I started as the Ambassador to the UN in Geneva in 2012. That year the international community collectively missed a chance to bring a negotiated end to the conflict in Syria. When I left Geneva in 2015 it was on the back of attempts to get the Women of Syria into the UN political process. We held many events for them at the British Residence; they met the then Foreign Secretary at the Geneva II conference in Montreux. On International Women’s Day in 2015 we persuaded the Geneva Canton to turn the iconic Jet d’Eau pink in their honour. On International Women’s Day three years later, I would like once more to shine a spotlight on the impact the war is having on women in Syria.
The conflict in Syria has been raging for almost seven years. That’s longer than the Second World War. We are continually confronted with evidence that, even before Truth, Women are the first casualty of War. It is even worse for girls.
According to UNESCO girls are almost two and a half times more likely to be out of school in a conflict zone. Prior to the war, Syria was one of the earliest countries in the Arab world to achieve nearly equal gender parity in universities.
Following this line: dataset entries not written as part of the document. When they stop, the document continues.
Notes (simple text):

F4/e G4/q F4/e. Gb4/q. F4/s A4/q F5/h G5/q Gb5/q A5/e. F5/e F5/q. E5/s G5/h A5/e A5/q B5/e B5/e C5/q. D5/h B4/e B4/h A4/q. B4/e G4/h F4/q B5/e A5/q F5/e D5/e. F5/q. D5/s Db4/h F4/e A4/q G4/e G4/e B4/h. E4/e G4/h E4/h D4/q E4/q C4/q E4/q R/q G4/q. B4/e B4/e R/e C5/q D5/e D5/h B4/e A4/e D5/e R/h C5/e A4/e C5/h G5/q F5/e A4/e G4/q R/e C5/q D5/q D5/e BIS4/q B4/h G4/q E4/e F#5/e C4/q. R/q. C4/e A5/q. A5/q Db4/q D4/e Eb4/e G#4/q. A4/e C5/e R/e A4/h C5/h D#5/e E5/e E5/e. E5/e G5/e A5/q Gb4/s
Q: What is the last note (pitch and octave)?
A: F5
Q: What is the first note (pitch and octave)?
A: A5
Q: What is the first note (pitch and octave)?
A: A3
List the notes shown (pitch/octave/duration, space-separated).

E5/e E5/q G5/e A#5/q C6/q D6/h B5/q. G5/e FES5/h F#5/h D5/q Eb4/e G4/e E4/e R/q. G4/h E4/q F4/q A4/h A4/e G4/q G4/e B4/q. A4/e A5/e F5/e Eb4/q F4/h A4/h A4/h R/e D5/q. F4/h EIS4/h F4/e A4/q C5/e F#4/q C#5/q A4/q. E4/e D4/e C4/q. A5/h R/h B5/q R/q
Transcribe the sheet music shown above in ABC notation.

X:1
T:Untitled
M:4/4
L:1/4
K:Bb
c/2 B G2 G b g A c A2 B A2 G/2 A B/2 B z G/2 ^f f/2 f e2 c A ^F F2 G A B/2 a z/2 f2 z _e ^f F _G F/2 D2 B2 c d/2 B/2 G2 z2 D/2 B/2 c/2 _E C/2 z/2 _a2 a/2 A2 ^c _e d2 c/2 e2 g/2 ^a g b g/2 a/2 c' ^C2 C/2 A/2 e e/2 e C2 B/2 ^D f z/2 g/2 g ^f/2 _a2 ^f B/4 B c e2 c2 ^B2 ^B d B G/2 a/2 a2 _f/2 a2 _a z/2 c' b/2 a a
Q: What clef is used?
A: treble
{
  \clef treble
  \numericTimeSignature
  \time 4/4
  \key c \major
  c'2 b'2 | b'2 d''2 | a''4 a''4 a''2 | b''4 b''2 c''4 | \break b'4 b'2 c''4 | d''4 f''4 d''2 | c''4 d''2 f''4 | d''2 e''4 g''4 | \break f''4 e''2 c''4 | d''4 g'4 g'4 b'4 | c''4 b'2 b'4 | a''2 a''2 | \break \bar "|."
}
This should not change because of the conflict.
I believe that just as individuals we should ensure the ladder is in place for those who come next, so as countries we need to ensure we empower the women of the future. The young girls caught up in the Syrian conflict need to be given the opportunity to receive an education, for their own future and for the sake of the future of Syria as a whole. This is something that the UK recognises and is actively supporting. In 2016/17, the UK assisted in providingformal primary and secondary education to over 700,000 children.
The Foreign Secretary, Boris Johnson, has made this one of his personal priorities.
In January he declared that ensuring that “every girl benefits from 12 years of quality education, would be the single most powerful spur to development and progress”. By providing women in Syria with an education, we are equipping them with the tools needed to take a seat at the table. Women have a right to political representation and it is our duty to help achieve this. Evidence shows that when women are meaningfully involved in peace negotiations, an agreement is 50% more likely to be reached and 35% more likely to last for at least 15 years. Personally, it’s an inspiring reason to come to work. Professionally, it’s why UK is one of the three co-chairs on the issue of Women, Peace and Security at the United Nations.
To support Syrian women, the UK has given almost £10 million to specific projects since the start of the crisis. And, just last week, we announced that we will be making a further £1.5million available to support the empowerment of Syrian women at local, national and international level.
At the end of this month, I will take up my position as the UK Permanent Representative to the United Nations. It’s an honour to represent a country that strives to achieve gender equality and empowerment for women and girls both around the world and at home. Unlike the women caught up in the conflict in Syria, my voice will be heard. And I will use it to make sure theirs are too.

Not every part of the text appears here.